Latency Matters: Real-Time Action Forecasting Transformer
IEEE/CVF Conference on Computer Vision and Pattern Recognition (CVPR) 2023, Highlight Presentation, Vancouver, Canada
We present RAFTformer, a real-time action forecasting transformer for latency-aware real-world action forecasting. RAFTformer is a two-stage fully transformer based architecture comprising of a video transformer backbone that operates on high resolution, short-range clips, and a head transformer encoder that temporally aggregates information from multiple short-range clips to span a long-term horizon. Additionally, we propose a novel self-supervised shuffled causal masking scheme as a model level augmentation to improve forecasting fidelity.

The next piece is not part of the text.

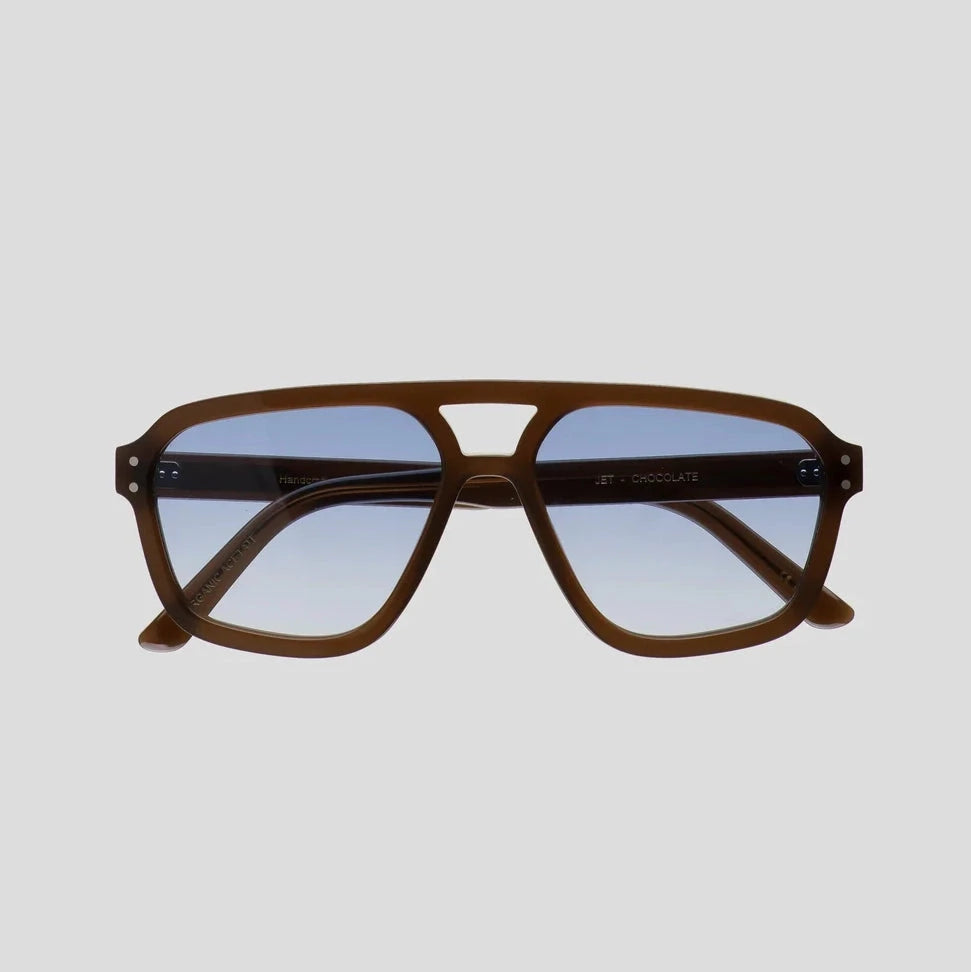 Monokel | Jet Sunglasses Chocolate Sunglasses MONOKEL EYEWEAR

Finally, we also propose a novel real-time evaluation setting for action forecasting that directly couples model inference latency to overall forecasting performance and brings forth a hitherto overlooked trade-off between latency and action forecasting performance. Our parsimonious network design facilitates RAFTformer inference latency to be 9× smaller than prior works at the same forecasting accuracy. Owing to its two-staged design, RAFTformer uses 94% less training compute and 90% lesser training parameters to outperform prior state-of-the-art baselines by 4.9 points on EGTEA Gaze+ and by 1.4 points on EPIC-Kitchens-100 validation set, as measured by Top-5 recall (T5R) in the offline setting. In the real-time setting, RAFTformer outperforms prior works by an even greater margin of upto 4.4 T5R points on the EPIC-Kitchens-100 dataset.